TASK GOAL: Only the lines from the one containing "ECCPP AC Compressor" through the end of the entries are to be copied, exactly and without pictures, please.

___ RECORDS TO PROCESS

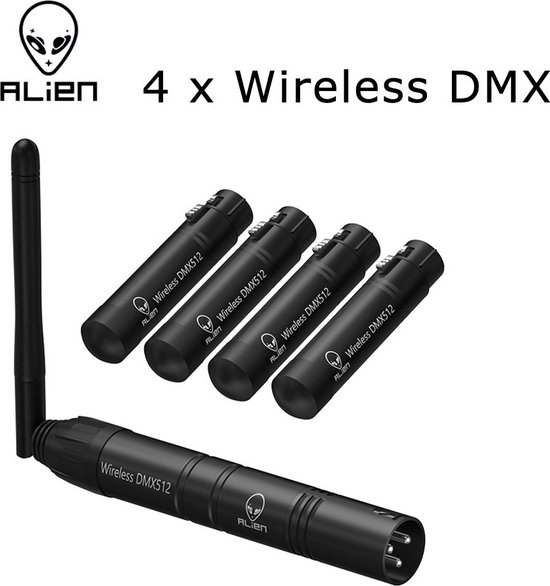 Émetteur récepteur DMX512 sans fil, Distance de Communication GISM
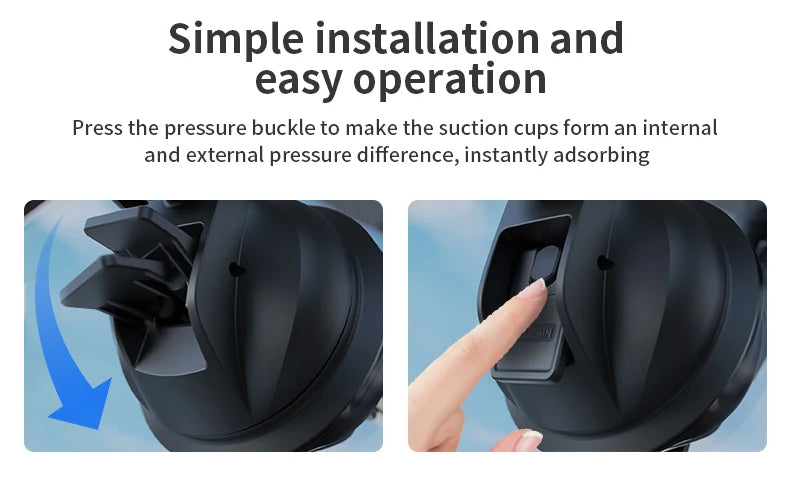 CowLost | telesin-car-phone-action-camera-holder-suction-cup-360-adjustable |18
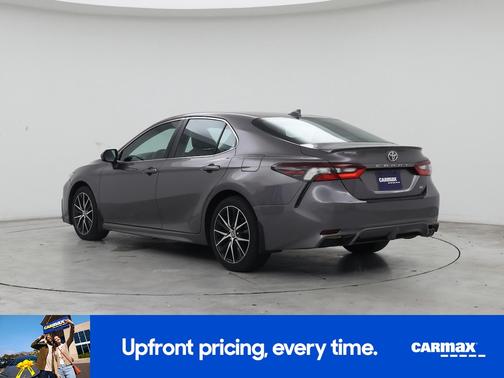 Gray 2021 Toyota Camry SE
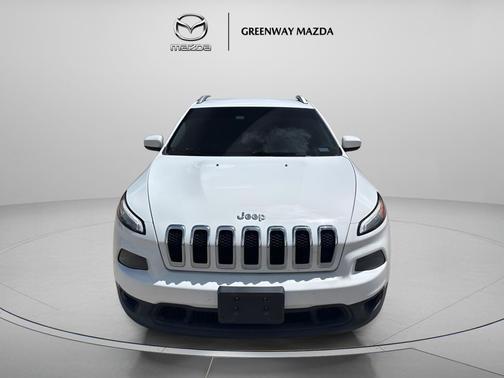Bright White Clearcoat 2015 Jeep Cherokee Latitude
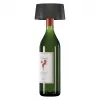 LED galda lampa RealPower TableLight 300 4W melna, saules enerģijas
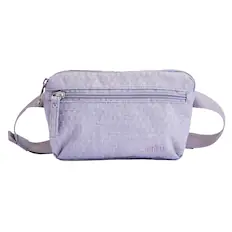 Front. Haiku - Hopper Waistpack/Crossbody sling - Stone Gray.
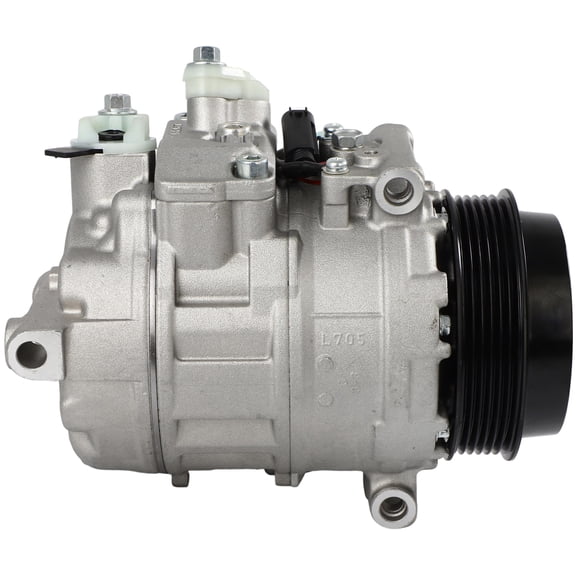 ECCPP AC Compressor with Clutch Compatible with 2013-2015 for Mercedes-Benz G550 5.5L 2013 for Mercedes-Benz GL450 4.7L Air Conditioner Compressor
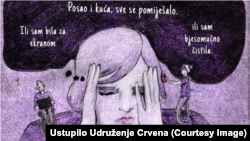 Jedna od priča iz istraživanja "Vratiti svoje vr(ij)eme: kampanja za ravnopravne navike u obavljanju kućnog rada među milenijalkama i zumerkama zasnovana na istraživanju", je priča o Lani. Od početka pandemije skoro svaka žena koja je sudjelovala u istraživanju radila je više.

______

COMPLETED EXERCISE:
 ECCPP AC Compressor with Clutch Compatible with 2013-2015 for Mercedes-Benz G550 5.5L 2013 for Mercedes-Benz GL450 4.7L Air Conditioner Compressor
 Jedna od priča iz istraživanja "Vratiti svoje vr(ij)eme: kampanja za ravnopravne navike u obavljanju kućnog rada među milenijalkama i zumerkama zasnovana na istraživanju", je priča o Lani. Od početka pandemije skoro svaka žena koja je sudjelovala u istraživanju radila je više.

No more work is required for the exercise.